2022年11月15日/インドネシア、アチェ州の避難所、ロヒンギャの避難民(Zik Maulana/AP通信)

国連難民高等弁務官事務所(UNCHR)は8日、タイ南部リペ島沖のアンダマン海で発見されたロヒンギャ難民約200人を救助するよう東南アジア諸国に要請した。

UNCHRによると、人々を乗せた船のエンジンは今月1日に故障し、それ以来、この海域をさまよっているという。

マレーシアのメディアも遭難が事実であることを確認し、難民の一部が死亡したと伝えている。

タイ政府はこの問題に関する声明を出しておらず、船の現在地も不明。タイの一部メディアはこの海域で漁を行っている漁師の話を引用し、「船は公海上を漂っている」と報じた。

UNHCRは声明の中で、「速やかに救助しなければ取り返しのつかない事態に発展する」と警告した。

国連の報告書によると、ミャンマーとバングラデシュから海路で近隣諸国を目指すロヒンギャ難民の数はこの7年で劇的に増加したという。

2017年のミャンマー軍による弾圧で殺害されたロヒンギャは1万3000人と推定され、少なくとも200の村が焼き払われ、100万人以上が国外に逃亡した。

バングラのコックスバザール地区には90万人近くのロヒンギャが避難しており、世界最大の難民キャンプを形成している。

難民の多くが比較的治安の良いイスラム国家であるマレーシアを目指して出港する。

UNCHRは声明で、「国際人道法は海で遭難した人々を助け、安全な場所に移送するよう義務付けている」と述べ、東南アジア諸国に支援を求めた。

またUNHCRは弾圧に直面しているロヒンギャ難民をミャンマーに送り返そうとする試みは非人道的と言わざるを得ないと批判した。

UNHCRによると、今年1月から11月の間にミャンマーまたはバングラを出港したロヒンギャ難民は2000人近くに達したという。2021年は300人に満たなかった。

今年海路で死亡または行方不明になったロヒンギャ難民は確認できているだけで119人に達した。

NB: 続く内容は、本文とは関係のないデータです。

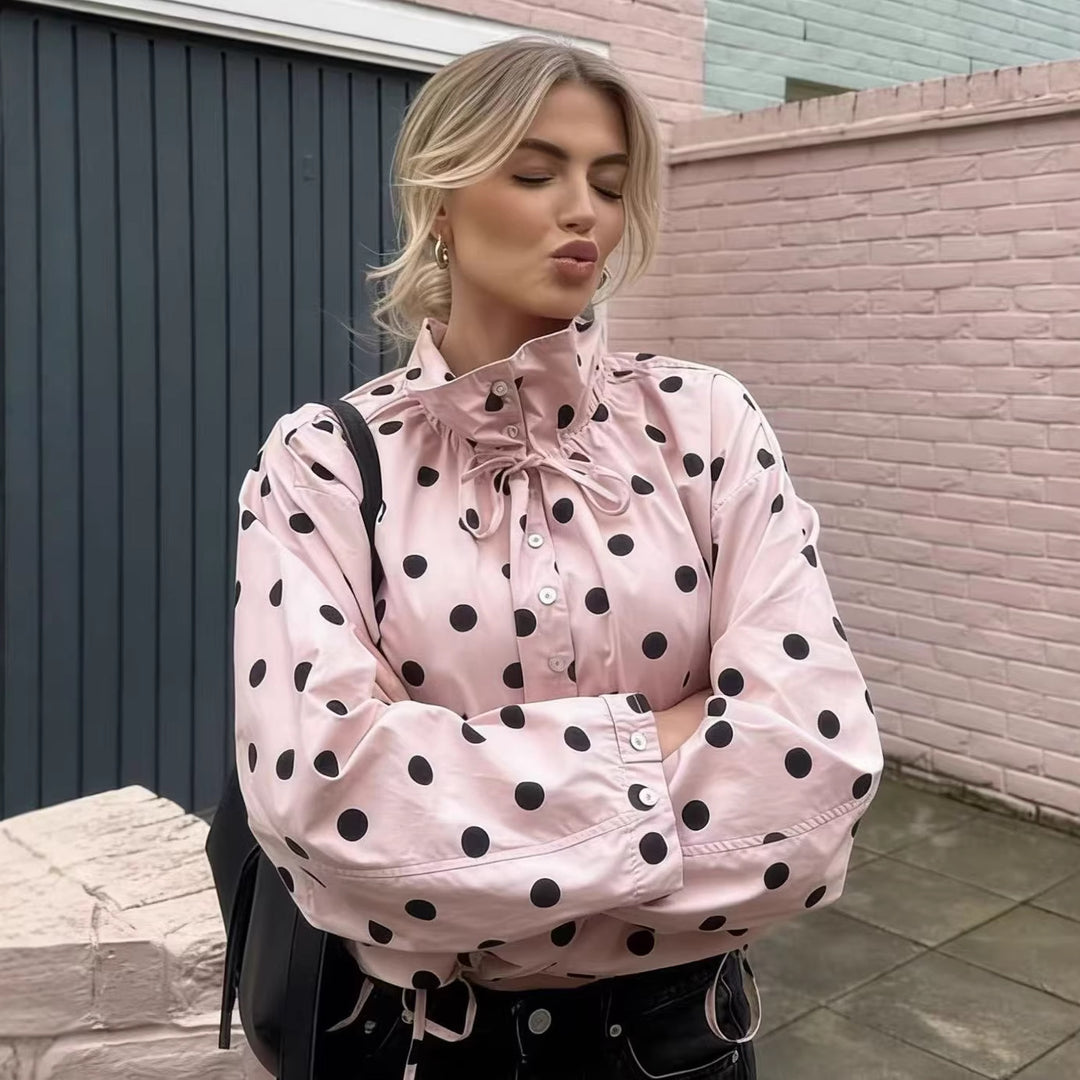 Damen nan Cropped-Anorak mit Stehkragen, Tunnelzugsaum und Druckknopfleiste Echo Archiv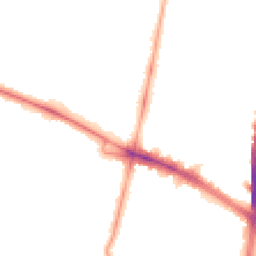 Night-time road noise heatmap for SW4 8HA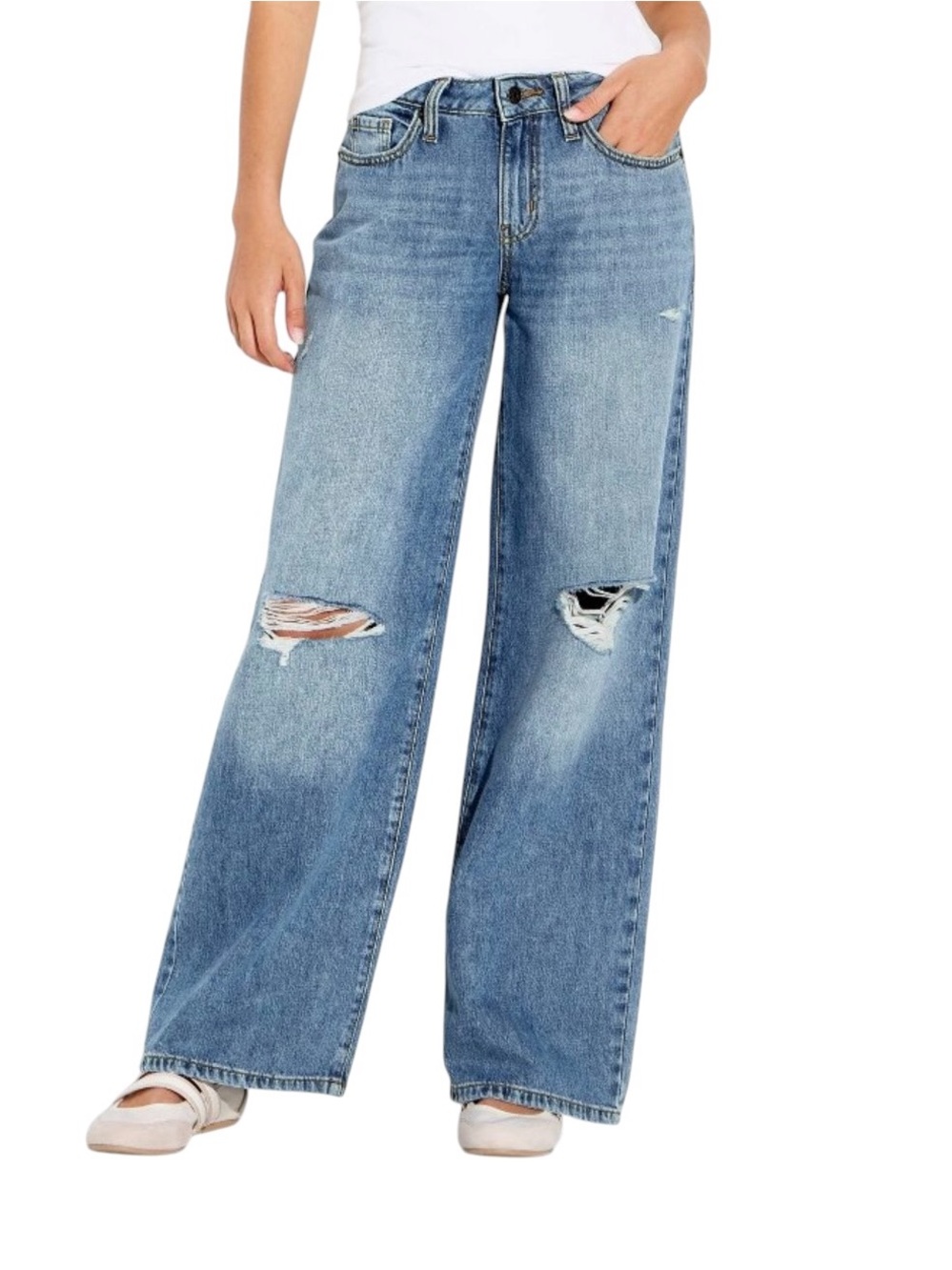 Wild Fable Low Rise Baggy Jeans Size 4
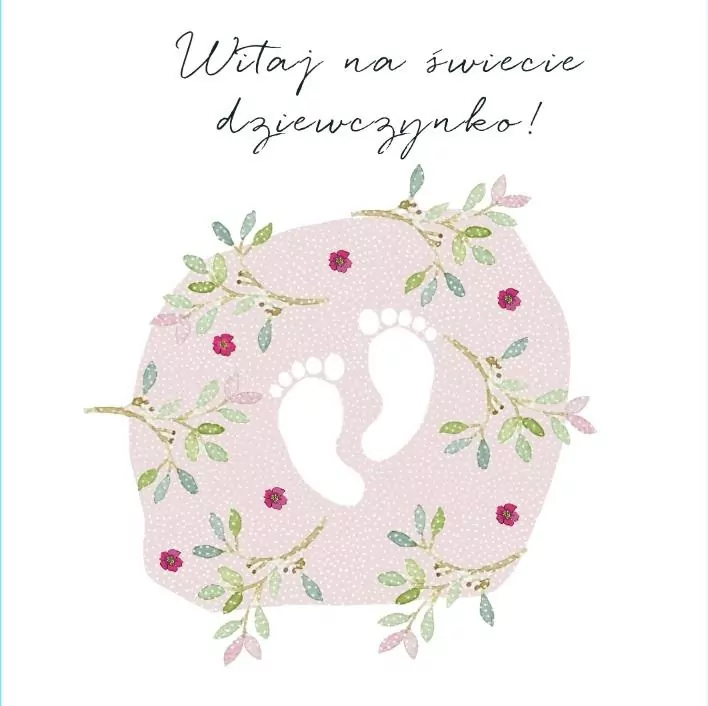 Karnet Swarovski kwadrat CL4513_PO Narodziny - tantis.pl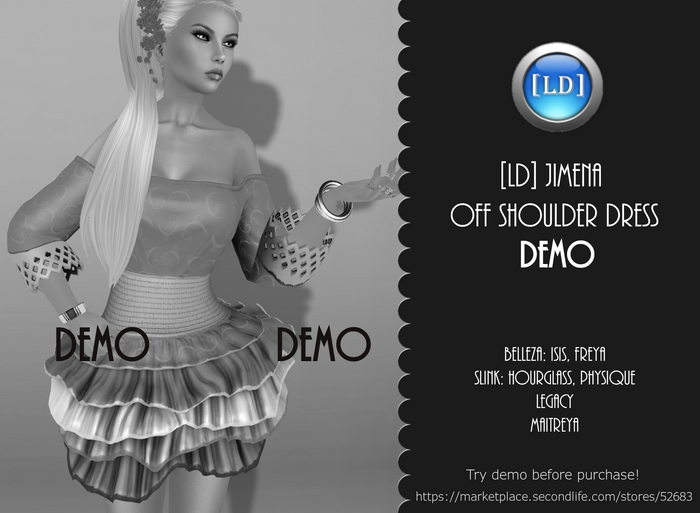 DEMO [LD] Jimena Off Shoulder Dress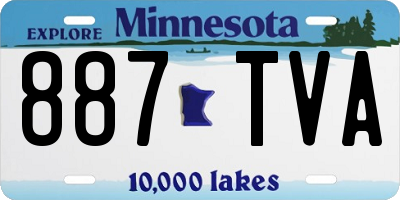 MN license plate 887TVA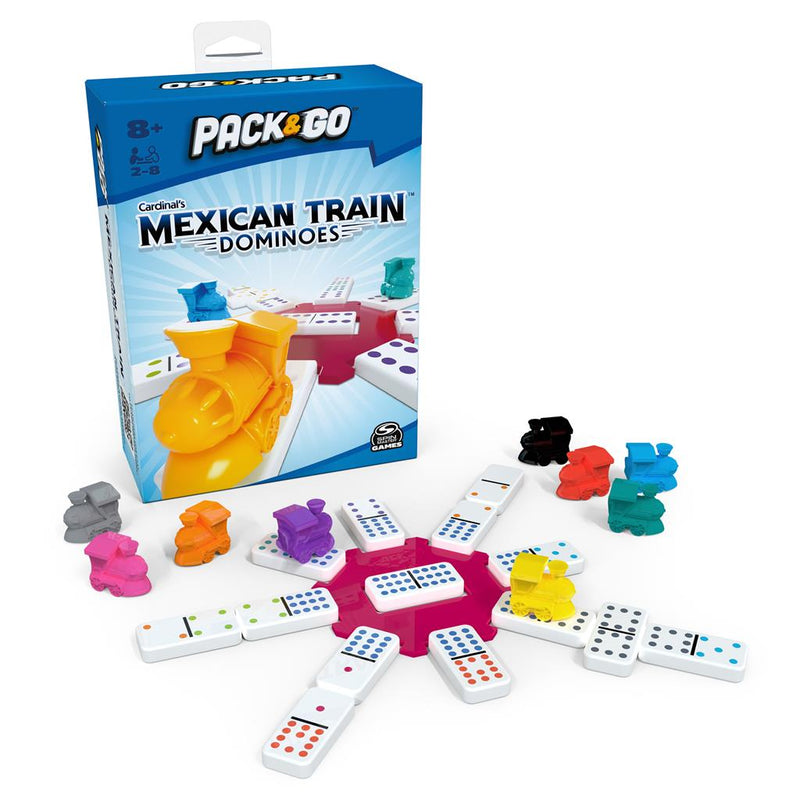 Pack And Go Mexican Train Dominoes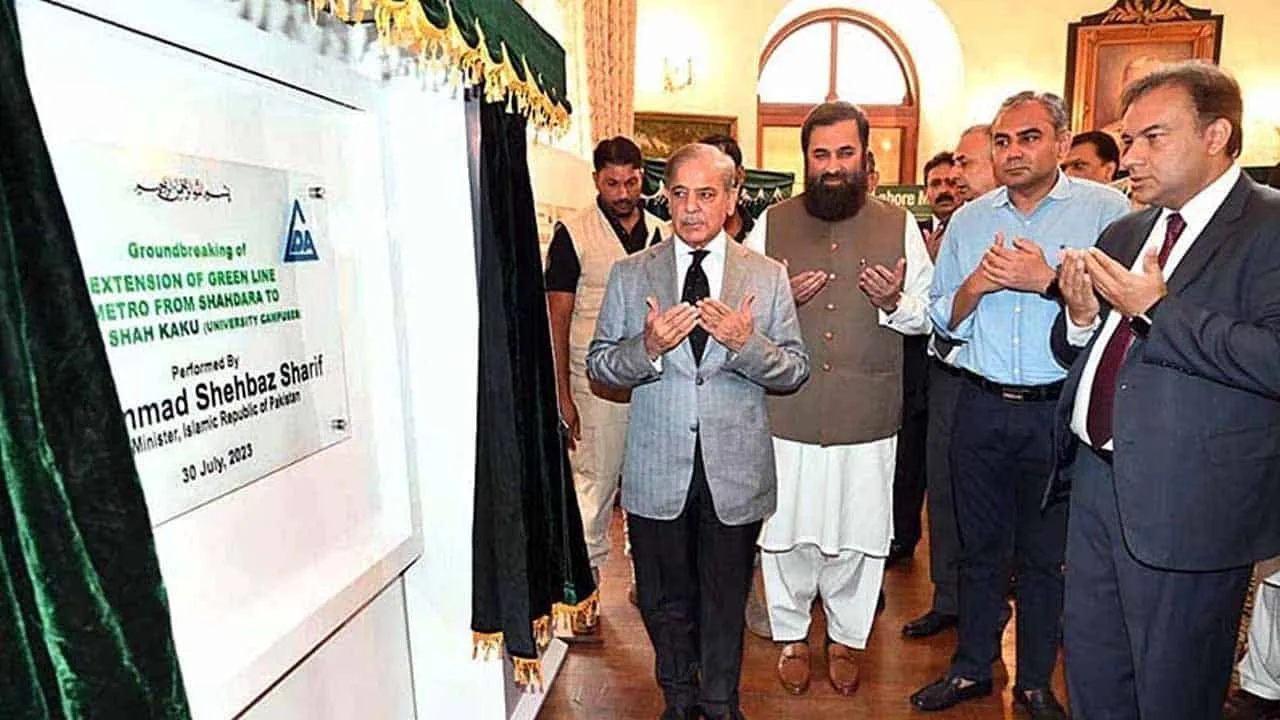 PM Shehbaz inaugurates Metro Bus extension project from Shahdara to Kala Shah Kaku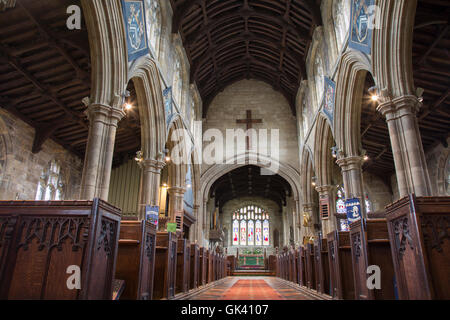 St. Marien Kirche, Thirsk, Yorkshire, England, Vereinigtes Königreich Stockfoto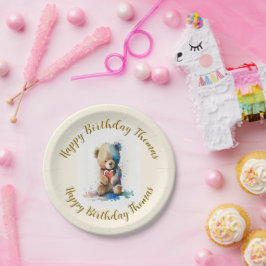 Teddy Bear Birthday Party Papieren Bordje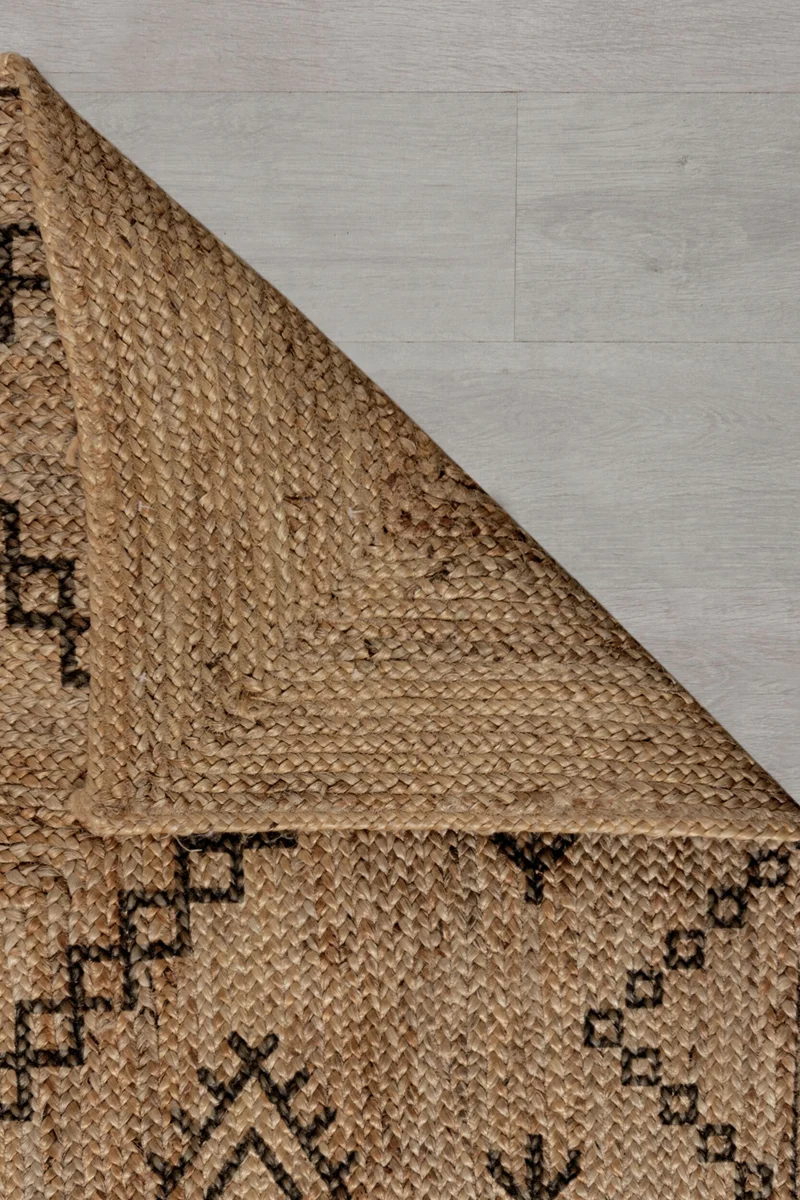 Teppich Jute handgewebt geometrisch PAUL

UNHCRは人々を救出した国に人道支援を提供する用意があると述べた。

マレーシアは難民の多くを施設に拘留しているが、近隣諸国に比べると治安が良く、生活の基盤を築きやすいという理由で主要な目的地になっている。

インドネシアは1951年に国連で採択された「難民の地位に関する条約」に加盟していないが、UNHCRによると、2016年の大統領令で難民の扱いに関する規定が定められて以来、多くのロヒンギャを受けている。

ミャンマーにとどまっているロヒンギャは約57万人と推定されている。

国際人権団体アムネスティ・インターナショナルによると、西部ラカイン州に残った人々は軍事政権が管理する収容所に押し込められているという。

アムネスティは軍の措置を「アパルトヘイト」と呼び、移動、教育、健康、その他のありとあらゆる権利がひどく侵害されていると糾弾している。